*** Listed entries Section Begins ***

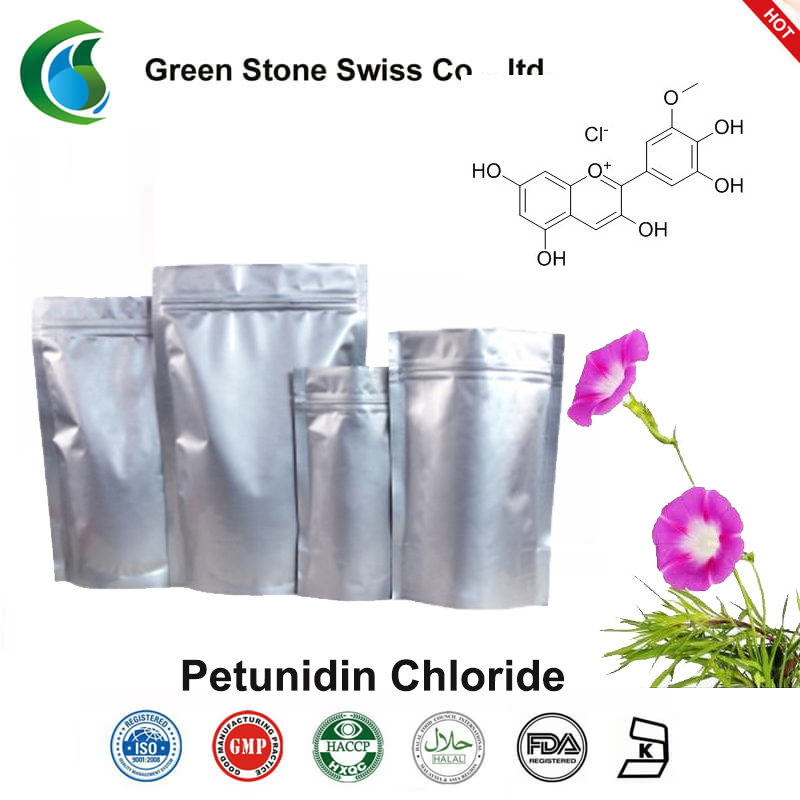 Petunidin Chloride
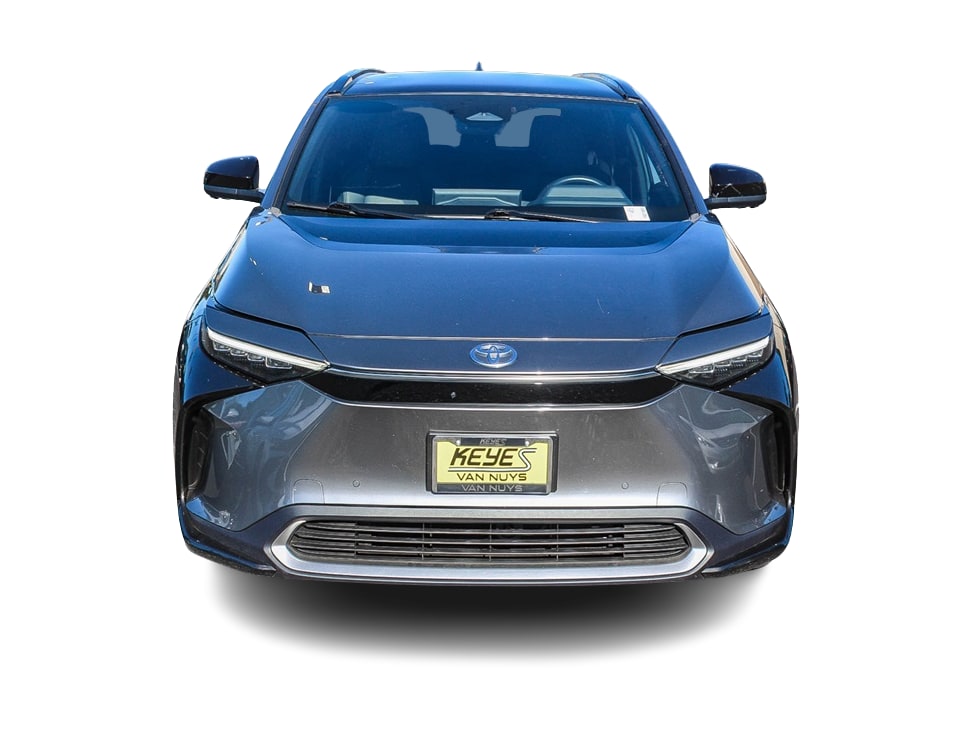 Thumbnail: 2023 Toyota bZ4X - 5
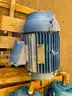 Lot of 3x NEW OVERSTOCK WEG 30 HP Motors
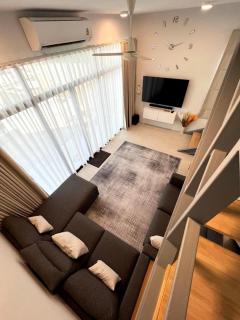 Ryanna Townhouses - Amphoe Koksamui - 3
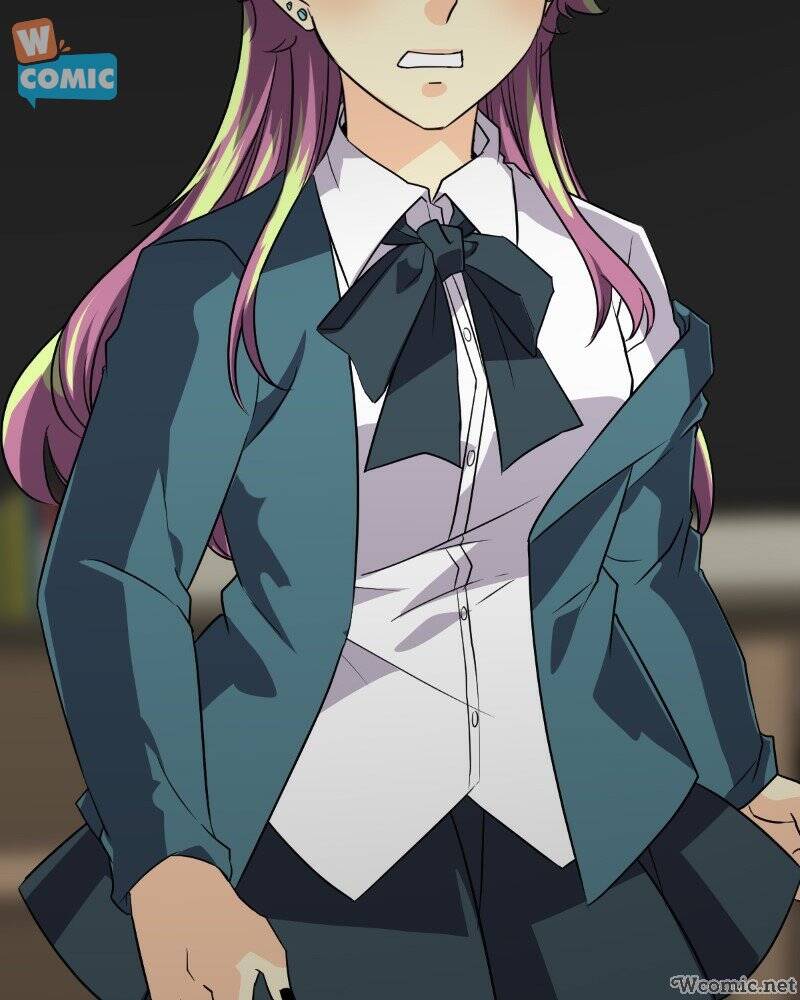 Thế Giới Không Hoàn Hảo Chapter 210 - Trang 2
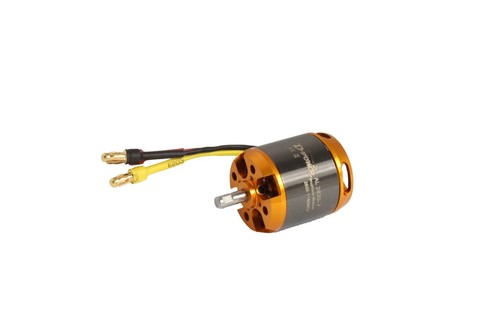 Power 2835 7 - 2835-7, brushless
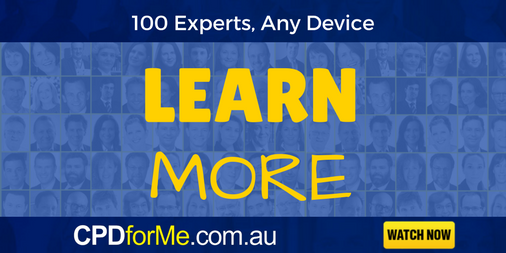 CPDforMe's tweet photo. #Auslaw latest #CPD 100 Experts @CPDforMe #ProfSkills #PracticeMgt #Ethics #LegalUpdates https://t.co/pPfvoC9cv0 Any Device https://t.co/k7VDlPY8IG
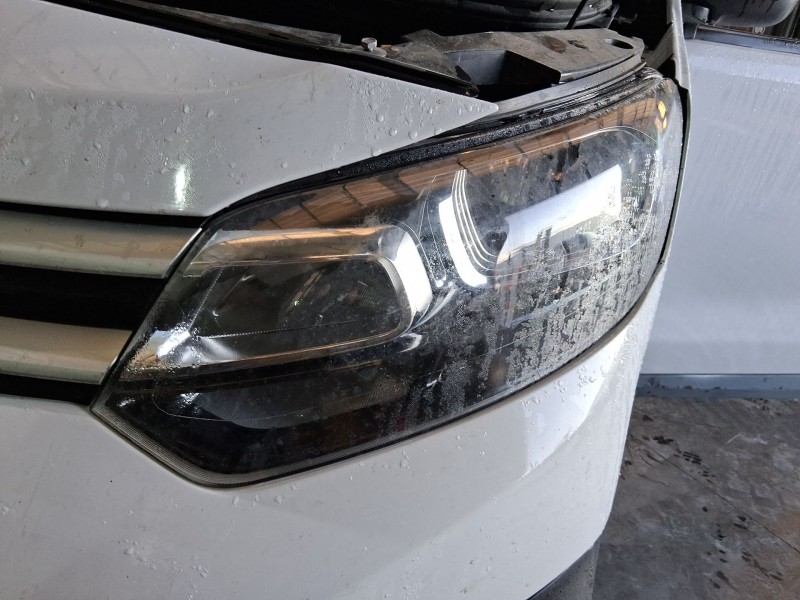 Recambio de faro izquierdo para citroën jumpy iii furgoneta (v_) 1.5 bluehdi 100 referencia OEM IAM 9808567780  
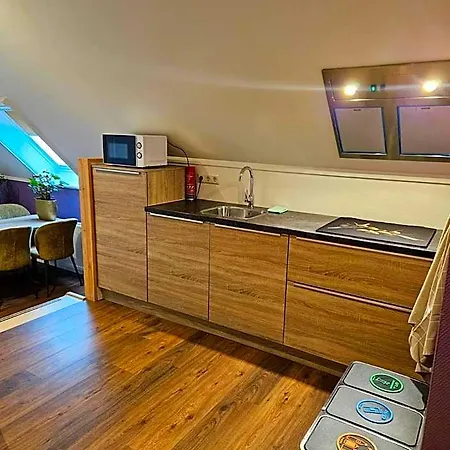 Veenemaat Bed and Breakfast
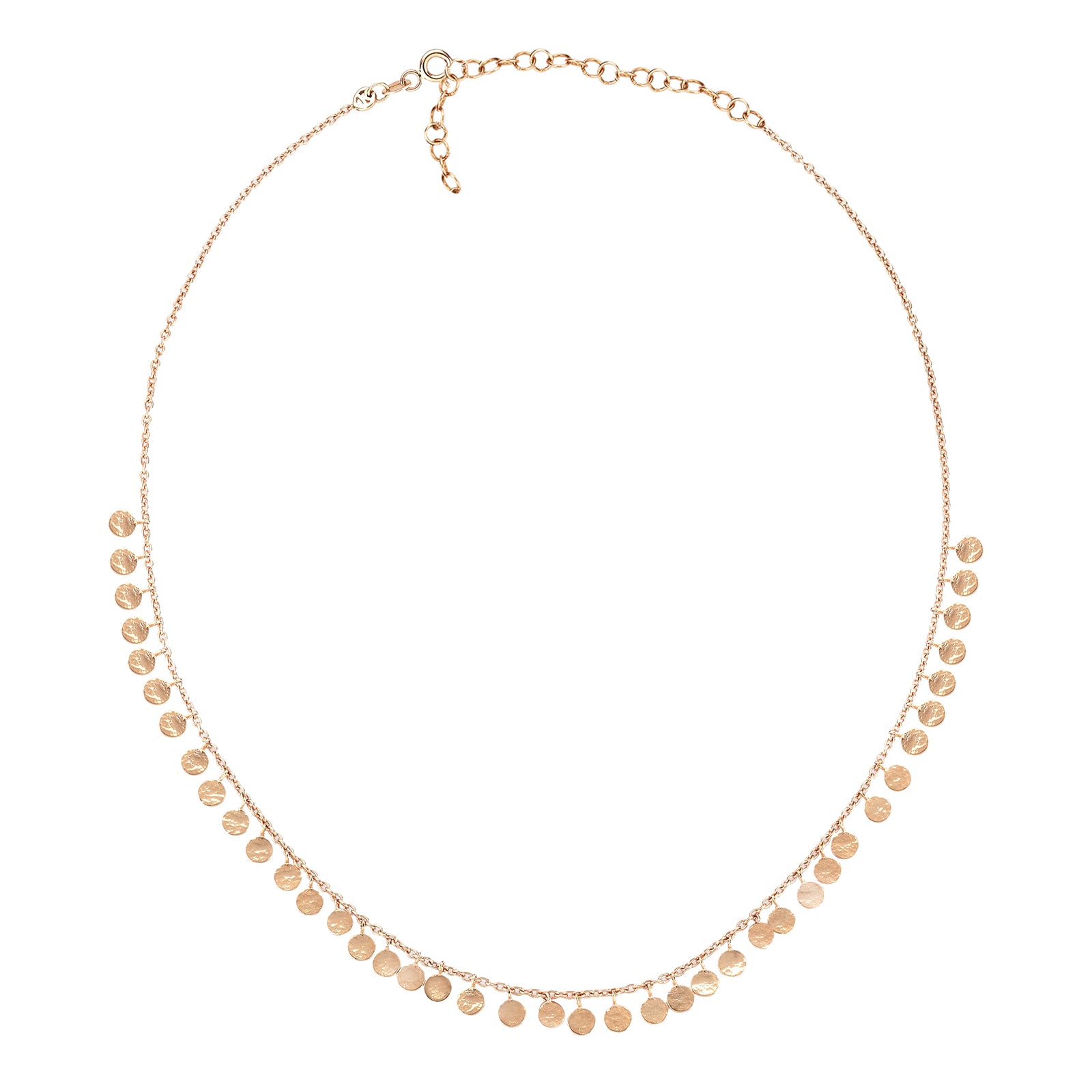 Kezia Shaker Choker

*** Listed entries Section Ends ***

* Exercise details
Please quote the records above exactly, beginning at the line that contains "Thế Giới Không" and ending at their last line. Leave the pictures out.

* Solution
 Thế Giới Không Hoàn Hảo Chapter 210 - Trang 2
 Power 2835 7 - 2835-7, brushless
 CPDforMe's tweet photo. #Auslaw latest #CPD 100 Experts @CPDforMe #ProfSkills #PracticeMgt #Ethics #LegalUpdates https://t.co/pPfvoC9cv0 Any Device https://t.co/k7VDlPY8IG
 Recambio de faro izquierdo para citroën jumpy iii furgoneta (v_) 1.5 bluehdi 100 referencia OEM IAM 9808567780  
 Veenemaat Bed and Breakfast
 Kezia Shaker Choker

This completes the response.